When making a will, you must take care to make sure that your intentions are clearly expressed and not left open for interpretation. When a will is unclear or uncertain, this provides an opportunity for a disappointed beneficiary to (1) argue an interpretation which favors them over another party, or (2) argue that the will or some part of it is fatally uncertain and therefore void.
The more complicated that you make a will, the more likely these issues may arise. These arguments tend to occur more in certain circumstances including:
- When a deceased decides to include a power of appointment – a power given to a person to select who shall receive an interest in property (instead of deciding who will receive the property and simply making a bequest to that person in your will); or
- When there is uncertainty with respect to a charitable bequest.
Both of these circumstances were present in the recent B.C. Supreme Court decision in Royal Trust Corporation Of Canada v. The Welfare Institution Of The Jews Of Athens 2022 BCSC 1454.

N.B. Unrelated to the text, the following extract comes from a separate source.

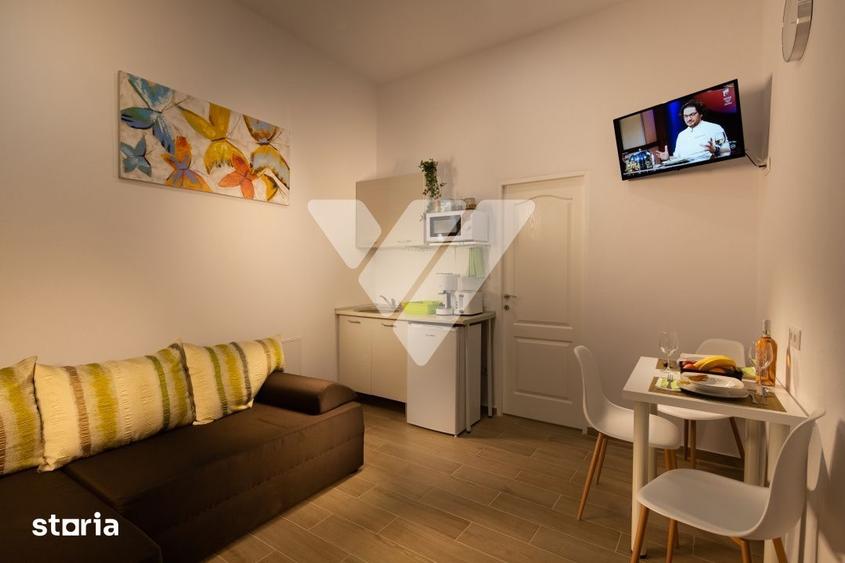 Apartament 2 camere ultracentral mobilat si utilat Str. Tribunei Sibiu - 6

In her 1985 will, the deceased set up a trust for her daughter, to pay her the interest “as long as she shall live.” The deceased further provided in her will:
If my daughter shall by her Last Will and Testament appoint sum [sic] reasonable charity within the country of Greece for such funds they shall be delivered in accordance with the directions made in such Last Will and Testament of my said daughter.

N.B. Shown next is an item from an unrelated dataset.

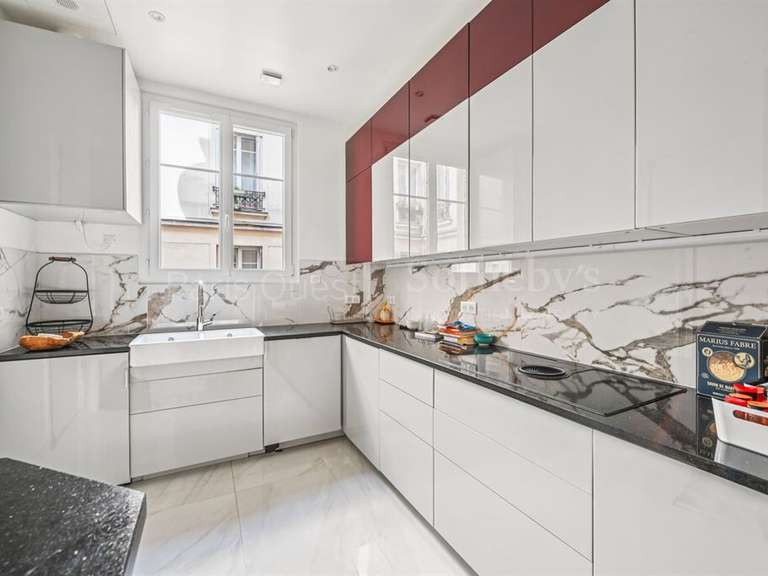 Apartment Paris 16e - 3 bedrooms - 148m²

If my said daughter shall fail to so designate and appoint by her Last Will and Testament then such money shall be paid to the President for the time being of Estia of Constaninopolis, Artistiduu 7, Kolonike, Ahtens, Greece.
“Estia of Constantinipolis” is a non-profit association in Greece that operates nursing homes near Athens, Greece.
In other words, the deceased’s daughter could decide what charity she wanted to receive the rest of her trust fund after she died (the power of appointment), or the default would be Estia of Constantinipolis.
The daughter made a will in Greece in 2017, in which she explicitly exercised the power of appointment, by appointing The Welfare Institution of the Jews of Athens, dab Reston Elderly Care Centre as the beneficiary. Then, the daughter made a will in Switzerland in 2018, in which she revoked the 2017 will, and left her entire estate to one person. She failed to appoint a charity in Greece as the beneficiary of the trust property (i.e. she failed to exercise the power of appointment).
The trust property was approximately $500,000, and the issue was who receives it.
First, it was argued that the power of appointment was invalid. The Court held that it was valid. The Court then held that the 2017 will (which appointed a charity) was revoked by the 2018 Will (which didn’t appoint a charity). As a result, the power of appointment had not been exercised, and so the default “Estia of Constantinipolis” would, on its face, receive the monies.
Next, it was argued that the Estia charity could not receive the gift because:
- The gift is to the President of Estia personally, or to his office on behalf of Estia;
- If the gift is to the President personally, it was unclear whether it was to the President in office at the time of the 1985 will (who was now dead – so the gift would have failed), or the president currently in office; or
- If the gift is to the current President by virtue of his office, and such is held in trust on behalf of the charity, the gift also fails because Greek law does not recognize trusts.
The Court did not accept any of these arguments. The Court had “no hesitation” concluding that the deceased intended to make the gift to the charity. There was no evidence that she had any relationship with the individual who was the president of Estia. It logically followed that it was the charity, not the person, who was the intended beneficiary.
While the Court did not appear to have any difficulty interpreting the will, it is likely that the proceedings could have been avoided had the will and the power of appointment been more clearly drafted (or perhaps if no power of appointment had been included at all, and the deceased had simply named the charitable beneficiary in her will).
By drafting the will in the manner that she did, it permitted a disappointed beneficiary the opportunity to argue for an interpretation that would benefit them. While the arguments were ultimately unsuccessful in this particular case, in some cases this may result in an interpretation that is not consistent with the deceased’s intentions, and in all cases will result in unnecessary expense to the estate.